_About this task_: From the records that follow, return exactly the lines beginning at the one that contains "Levi Solen: A" and ending at the one that contains "Tales of Xillia", pictures left out.

*** Opening of Supplied data ***

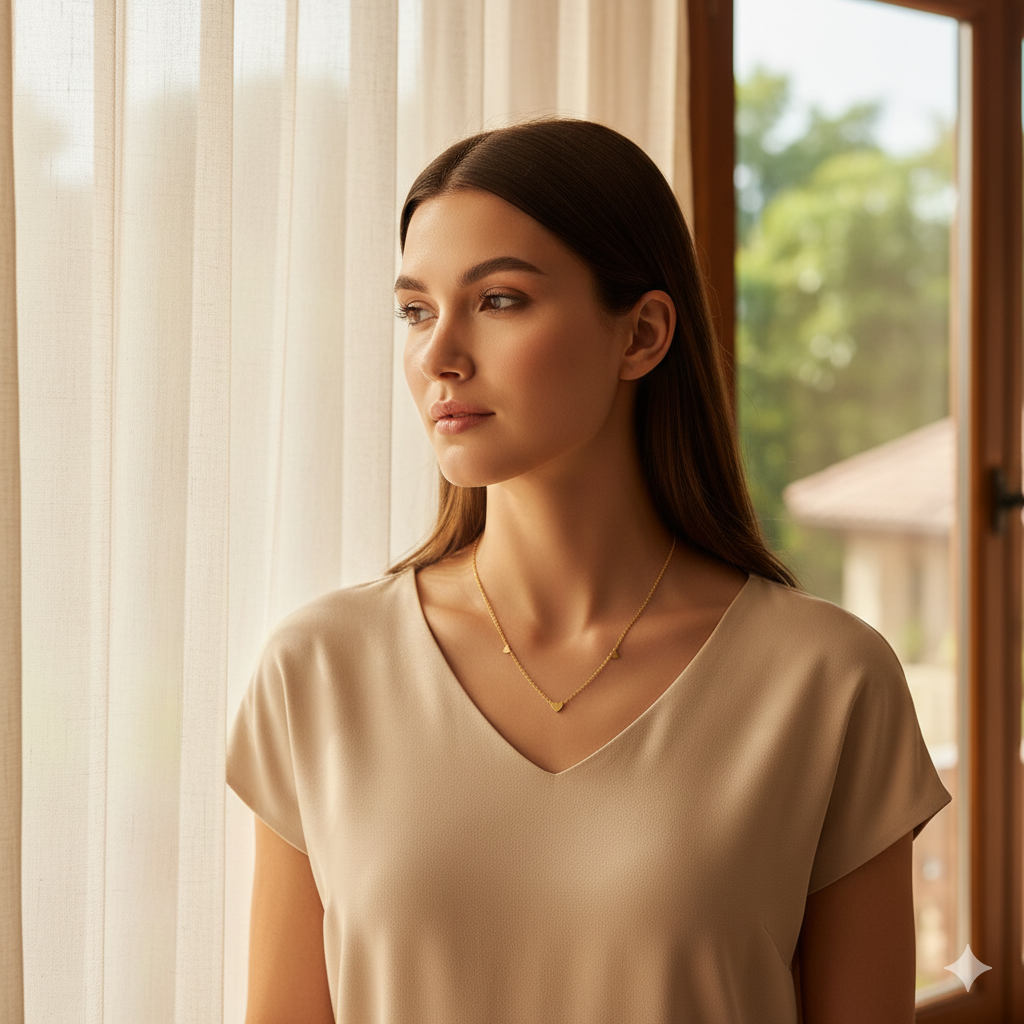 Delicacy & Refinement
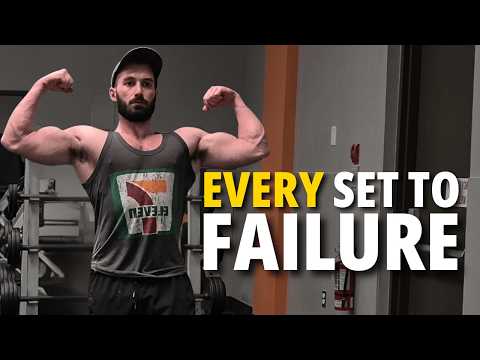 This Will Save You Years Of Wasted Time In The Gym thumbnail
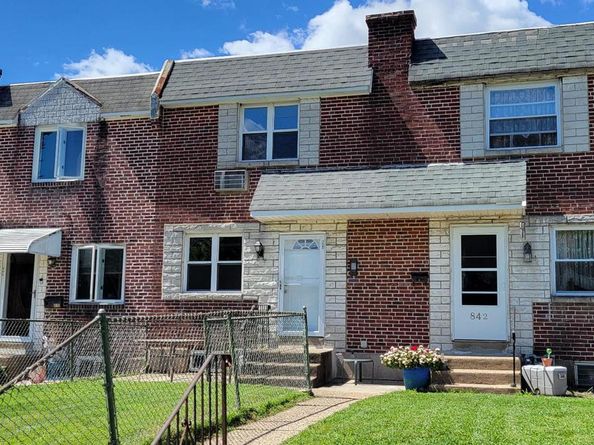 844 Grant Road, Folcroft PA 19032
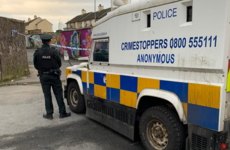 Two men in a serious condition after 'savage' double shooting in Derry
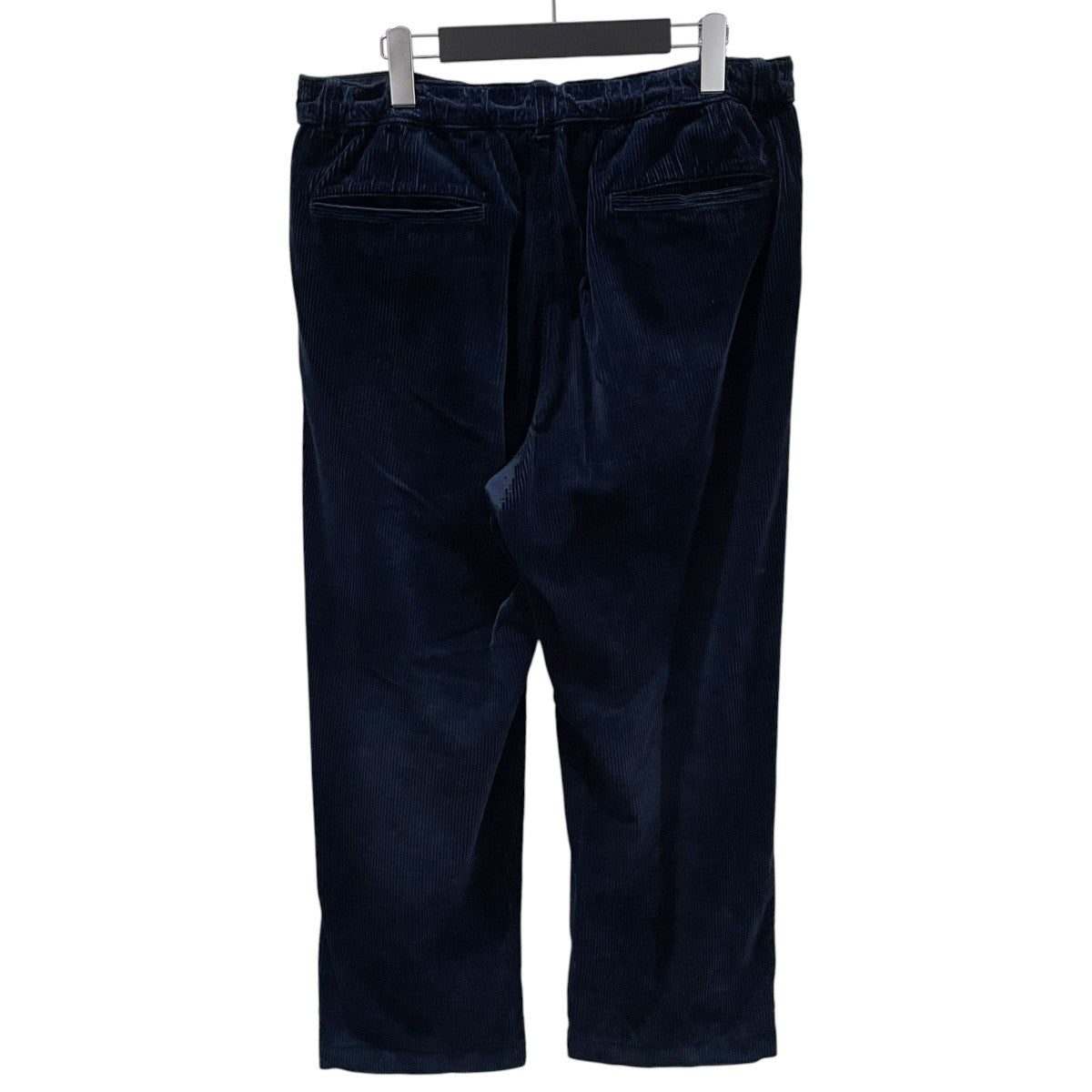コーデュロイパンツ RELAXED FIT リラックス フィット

*** Close of Supplied data ***
*** Opening of Supplied data ***

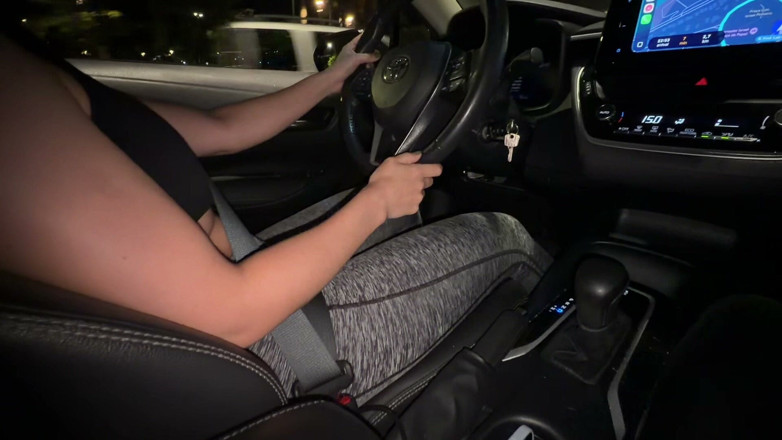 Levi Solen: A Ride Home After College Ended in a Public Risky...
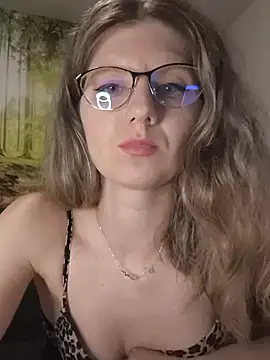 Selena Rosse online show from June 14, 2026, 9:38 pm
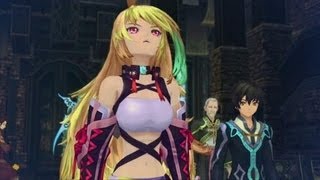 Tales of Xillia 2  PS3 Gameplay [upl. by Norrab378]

*** Close of Supplied data ***

_Expected answer_:
 Levi Solen: A Ride Home After College Ended in a Public Risky...
 Selena Rosse online show from June 14, 2026, 9:38 pm
 Tales of Xillia 2  PS3 Gameplay [upl. by Norrab378]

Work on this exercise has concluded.